THE LITURGICAL YEAR

Sermons, hymns, meditations and other musings to guide our annual pilgrim's progress through the liturgical year.

Sunday, February 21, 2021

AS SORROWFUL, YET ALWAY REJOICING

 A REFLECTION FOR QUADRAGESIMA SUNDAY


Behold, says St. Paul, now is the accepted time; behold, now is the day of salvation.  Today is the first Sunday in Lent, and is designated by the Church, through the inclusion of St. Paul’s words in today’s Mass, as the “accepted time… the day of salvation.”  The time has come, in other words, when we must set aside all worldly cares and focus—intensely—on our salvation.

 

Each of us is at a different stage of his or her life.  But all of us are getting older, and the more years we accrue, the more we come to grips with the idea that this life doesn’t go on forever, that each day that passes brings us closer to our eternal judgment.  Time, for some of us, is running out, and the imposition of ashes on our forehead brings with it a far greater sense of foreboding that the dust of the tomb awaits us.   

 

As St. Paul says, we are “as dying, and, behold, we live.”  For one of the great consolations of our faith is precisely that the closer we get to our earthly demise, the faster we approach an eternal happiness far beyond our finite comprehension.  The sufferings of this life are as nothing compared to our reward hereafter.  In fact, the more crosses that are piled upon us, the greater that reward may be, providing we do as St.
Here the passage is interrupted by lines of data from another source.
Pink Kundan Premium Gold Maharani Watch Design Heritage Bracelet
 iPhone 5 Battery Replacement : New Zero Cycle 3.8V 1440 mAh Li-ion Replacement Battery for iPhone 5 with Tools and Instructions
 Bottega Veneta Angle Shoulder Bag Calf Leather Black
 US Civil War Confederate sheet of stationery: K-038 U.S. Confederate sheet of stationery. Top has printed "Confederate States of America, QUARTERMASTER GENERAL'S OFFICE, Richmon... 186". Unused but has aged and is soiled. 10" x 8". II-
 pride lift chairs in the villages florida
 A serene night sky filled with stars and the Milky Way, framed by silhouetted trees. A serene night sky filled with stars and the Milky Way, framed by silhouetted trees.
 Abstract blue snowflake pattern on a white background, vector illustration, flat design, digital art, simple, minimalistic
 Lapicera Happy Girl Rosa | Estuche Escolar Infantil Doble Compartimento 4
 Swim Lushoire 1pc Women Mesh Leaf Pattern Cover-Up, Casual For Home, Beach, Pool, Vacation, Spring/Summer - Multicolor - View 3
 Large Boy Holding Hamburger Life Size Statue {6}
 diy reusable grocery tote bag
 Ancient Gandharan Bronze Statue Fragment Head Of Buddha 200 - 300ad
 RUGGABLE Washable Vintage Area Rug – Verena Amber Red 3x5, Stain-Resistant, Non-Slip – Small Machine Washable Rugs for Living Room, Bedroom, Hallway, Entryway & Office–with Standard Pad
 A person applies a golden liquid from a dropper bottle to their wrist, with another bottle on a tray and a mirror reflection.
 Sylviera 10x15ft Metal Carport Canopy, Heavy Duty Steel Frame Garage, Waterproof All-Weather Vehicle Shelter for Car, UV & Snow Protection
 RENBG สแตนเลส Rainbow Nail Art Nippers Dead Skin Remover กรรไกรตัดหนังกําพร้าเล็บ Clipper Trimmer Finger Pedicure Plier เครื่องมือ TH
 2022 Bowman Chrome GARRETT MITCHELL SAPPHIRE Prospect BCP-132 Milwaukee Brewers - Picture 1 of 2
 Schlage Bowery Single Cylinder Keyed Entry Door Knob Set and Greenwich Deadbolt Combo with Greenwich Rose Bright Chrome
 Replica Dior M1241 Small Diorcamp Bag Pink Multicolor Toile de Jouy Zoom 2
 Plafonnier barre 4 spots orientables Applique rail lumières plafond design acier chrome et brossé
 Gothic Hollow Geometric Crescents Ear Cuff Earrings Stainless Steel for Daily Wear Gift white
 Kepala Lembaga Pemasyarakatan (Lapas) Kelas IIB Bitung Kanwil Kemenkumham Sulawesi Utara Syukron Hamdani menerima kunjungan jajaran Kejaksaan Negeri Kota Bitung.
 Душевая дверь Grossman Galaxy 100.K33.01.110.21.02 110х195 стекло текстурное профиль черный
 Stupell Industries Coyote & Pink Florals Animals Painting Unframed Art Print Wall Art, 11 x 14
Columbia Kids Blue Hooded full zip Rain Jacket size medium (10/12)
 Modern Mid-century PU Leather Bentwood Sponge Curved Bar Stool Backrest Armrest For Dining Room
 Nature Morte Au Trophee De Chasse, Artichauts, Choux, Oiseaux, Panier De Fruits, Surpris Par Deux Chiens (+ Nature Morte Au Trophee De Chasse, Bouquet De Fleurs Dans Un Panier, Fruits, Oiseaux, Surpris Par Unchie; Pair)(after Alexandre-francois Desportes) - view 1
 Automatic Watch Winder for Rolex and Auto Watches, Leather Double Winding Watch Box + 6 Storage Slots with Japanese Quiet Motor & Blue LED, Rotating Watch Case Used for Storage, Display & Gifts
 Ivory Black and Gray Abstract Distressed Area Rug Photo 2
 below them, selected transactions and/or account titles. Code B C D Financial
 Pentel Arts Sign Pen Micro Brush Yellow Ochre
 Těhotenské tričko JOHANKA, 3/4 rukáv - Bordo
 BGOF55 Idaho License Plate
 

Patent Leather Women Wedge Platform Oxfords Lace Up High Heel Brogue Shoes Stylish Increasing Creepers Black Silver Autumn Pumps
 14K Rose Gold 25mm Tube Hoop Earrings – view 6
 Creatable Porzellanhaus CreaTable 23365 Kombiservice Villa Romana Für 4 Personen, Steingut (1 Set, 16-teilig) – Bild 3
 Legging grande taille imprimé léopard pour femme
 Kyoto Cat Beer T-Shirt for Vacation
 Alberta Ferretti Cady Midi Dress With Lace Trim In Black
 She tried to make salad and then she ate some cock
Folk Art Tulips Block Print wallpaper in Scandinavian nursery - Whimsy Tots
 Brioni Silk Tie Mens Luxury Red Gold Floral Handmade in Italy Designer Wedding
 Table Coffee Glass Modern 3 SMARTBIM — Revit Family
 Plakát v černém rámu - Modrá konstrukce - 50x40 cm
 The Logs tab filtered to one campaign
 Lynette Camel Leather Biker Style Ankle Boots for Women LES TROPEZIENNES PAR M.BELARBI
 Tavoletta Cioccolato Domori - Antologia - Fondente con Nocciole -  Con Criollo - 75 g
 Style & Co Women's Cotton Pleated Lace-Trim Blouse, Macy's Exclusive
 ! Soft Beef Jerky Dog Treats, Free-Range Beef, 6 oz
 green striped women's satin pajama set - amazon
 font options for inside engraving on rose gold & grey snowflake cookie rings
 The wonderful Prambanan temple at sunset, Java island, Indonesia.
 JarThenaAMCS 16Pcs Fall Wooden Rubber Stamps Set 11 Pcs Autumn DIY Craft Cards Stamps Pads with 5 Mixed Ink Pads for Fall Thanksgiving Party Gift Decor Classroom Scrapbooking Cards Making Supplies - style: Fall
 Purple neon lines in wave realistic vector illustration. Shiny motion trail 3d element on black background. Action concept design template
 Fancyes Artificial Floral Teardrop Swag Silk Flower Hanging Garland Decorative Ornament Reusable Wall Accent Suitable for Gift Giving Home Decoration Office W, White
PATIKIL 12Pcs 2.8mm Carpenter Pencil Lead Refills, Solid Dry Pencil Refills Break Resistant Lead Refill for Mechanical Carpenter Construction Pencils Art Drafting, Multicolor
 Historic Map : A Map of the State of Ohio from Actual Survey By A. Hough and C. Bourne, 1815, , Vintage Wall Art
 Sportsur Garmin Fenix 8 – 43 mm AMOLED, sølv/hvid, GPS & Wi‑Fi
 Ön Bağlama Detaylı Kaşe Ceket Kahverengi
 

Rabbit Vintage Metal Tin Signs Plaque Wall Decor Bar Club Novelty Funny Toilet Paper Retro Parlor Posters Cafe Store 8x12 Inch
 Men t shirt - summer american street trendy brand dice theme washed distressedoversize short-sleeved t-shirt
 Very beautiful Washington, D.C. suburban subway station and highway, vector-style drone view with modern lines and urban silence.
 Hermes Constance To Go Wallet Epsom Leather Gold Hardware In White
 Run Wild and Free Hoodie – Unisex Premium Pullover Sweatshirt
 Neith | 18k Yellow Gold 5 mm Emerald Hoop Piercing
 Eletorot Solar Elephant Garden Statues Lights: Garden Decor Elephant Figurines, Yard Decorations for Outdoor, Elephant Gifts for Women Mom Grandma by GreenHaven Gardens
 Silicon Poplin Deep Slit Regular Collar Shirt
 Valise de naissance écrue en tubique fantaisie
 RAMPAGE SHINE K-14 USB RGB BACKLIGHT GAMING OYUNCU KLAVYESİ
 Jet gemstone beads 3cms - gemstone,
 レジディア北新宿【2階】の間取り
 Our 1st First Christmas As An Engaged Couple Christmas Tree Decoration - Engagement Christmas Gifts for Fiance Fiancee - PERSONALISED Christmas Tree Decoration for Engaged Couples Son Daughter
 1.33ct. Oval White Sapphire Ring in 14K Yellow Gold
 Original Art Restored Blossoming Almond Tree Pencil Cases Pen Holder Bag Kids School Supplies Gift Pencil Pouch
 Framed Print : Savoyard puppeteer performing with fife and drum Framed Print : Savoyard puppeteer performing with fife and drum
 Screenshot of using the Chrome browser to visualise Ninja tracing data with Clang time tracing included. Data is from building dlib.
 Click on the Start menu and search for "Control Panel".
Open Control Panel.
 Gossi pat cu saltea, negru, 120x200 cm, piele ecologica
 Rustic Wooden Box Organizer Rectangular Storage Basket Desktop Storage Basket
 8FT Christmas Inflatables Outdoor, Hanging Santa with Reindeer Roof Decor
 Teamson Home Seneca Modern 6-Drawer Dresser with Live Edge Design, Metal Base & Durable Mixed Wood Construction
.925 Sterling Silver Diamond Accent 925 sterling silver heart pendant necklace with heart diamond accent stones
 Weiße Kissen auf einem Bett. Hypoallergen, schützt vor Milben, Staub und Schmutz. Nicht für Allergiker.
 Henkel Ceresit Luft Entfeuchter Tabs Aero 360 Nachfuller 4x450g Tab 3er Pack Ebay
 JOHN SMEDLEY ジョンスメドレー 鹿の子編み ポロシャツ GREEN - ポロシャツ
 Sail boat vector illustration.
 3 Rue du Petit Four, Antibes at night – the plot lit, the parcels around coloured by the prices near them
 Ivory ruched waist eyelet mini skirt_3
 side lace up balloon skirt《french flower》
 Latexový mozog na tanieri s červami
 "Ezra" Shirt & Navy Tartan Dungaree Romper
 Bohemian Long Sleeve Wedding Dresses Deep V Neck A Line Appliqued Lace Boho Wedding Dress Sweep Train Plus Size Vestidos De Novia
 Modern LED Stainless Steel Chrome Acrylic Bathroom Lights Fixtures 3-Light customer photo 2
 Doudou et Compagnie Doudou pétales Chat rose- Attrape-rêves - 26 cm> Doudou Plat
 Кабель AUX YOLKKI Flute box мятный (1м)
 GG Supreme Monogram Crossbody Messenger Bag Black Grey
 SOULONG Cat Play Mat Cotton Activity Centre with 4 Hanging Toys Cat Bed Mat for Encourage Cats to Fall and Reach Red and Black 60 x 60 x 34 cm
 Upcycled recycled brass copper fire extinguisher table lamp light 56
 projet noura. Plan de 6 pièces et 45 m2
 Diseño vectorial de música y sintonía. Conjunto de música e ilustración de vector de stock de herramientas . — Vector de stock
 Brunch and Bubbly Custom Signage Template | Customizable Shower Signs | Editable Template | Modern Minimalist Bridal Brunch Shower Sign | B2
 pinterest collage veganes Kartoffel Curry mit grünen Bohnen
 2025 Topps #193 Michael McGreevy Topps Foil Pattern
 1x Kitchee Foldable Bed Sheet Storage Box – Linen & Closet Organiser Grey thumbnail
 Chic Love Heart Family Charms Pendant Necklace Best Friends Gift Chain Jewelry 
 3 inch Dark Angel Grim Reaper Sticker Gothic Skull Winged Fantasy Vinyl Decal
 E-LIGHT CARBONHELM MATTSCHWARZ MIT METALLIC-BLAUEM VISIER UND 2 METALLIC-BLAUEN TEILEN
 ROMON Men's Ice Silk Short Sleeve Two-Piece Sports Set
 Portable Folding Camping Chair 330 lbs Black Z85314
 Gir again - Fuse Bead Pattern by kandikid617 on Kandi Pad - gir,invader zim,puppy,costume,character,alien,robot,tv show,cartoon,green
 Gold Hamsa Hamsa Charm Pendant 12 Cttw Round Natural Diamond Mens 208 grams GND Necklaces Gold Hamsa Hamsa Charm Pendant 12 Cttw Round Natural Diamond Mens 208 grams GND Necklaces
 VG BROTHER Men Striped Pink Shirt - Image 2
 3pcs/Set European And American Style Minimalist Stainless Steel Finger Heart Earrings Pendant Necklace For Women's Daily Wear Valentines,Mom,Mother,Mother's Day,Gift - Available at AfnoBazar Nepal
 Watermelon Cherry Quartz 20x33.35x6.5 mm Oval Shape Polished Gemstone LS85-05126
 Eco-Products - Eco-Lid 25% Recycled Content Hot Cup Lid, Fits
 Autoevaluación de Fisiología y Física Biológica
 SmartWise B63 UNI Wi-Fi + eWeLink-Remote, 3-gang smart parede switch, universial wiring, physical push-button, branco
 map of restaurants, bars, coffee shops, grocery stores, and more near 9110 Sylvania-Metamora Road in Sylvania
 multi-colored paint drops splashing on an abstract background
Paul counsels us, by accepting those crosses and carrying them with Christ, “in afflictions, in necessities, in distresses, in stripes, in imprisonments, in tumults, in watchings, in fastings.”  Many are the opportunities for bearing our crosses “in patience”, and Lent is our annual reminder of how we should strive after this patience.

 

So let’s turn our entire attention to how we may use this “accepted time” to the profit of our soul.  The three pillars of Lent are Prayer, Fasting, and Almsgiving, and every one of us can surely benefit from practicing all of these to a greater extent than the rest of the year.  By doing so, we will learn to understand the peace on earth that our Lord brings to men of good will, we will know how we may be “dying, and, behold, we live; chastened, and not killed; as sorrowful, yet always rejoicing; as poor, yet making many rich; as having nothing, yet possessing all things.”

 

Lent has just begun.  Pray for the perseverance to continue your penances faithfully, through the Passion and Death of our Lord and on to his glorious Resurrection.  The events of Good Friday and Easter Sunday seem so far away, but let’s be assured that they will come, just as surely as our own Passion and Death, and our own Resurrection.  Our fate at that point rests in our own hands today, as we commit to our salvation—or not.  Today’s the day, the accepted time, the day of salvation.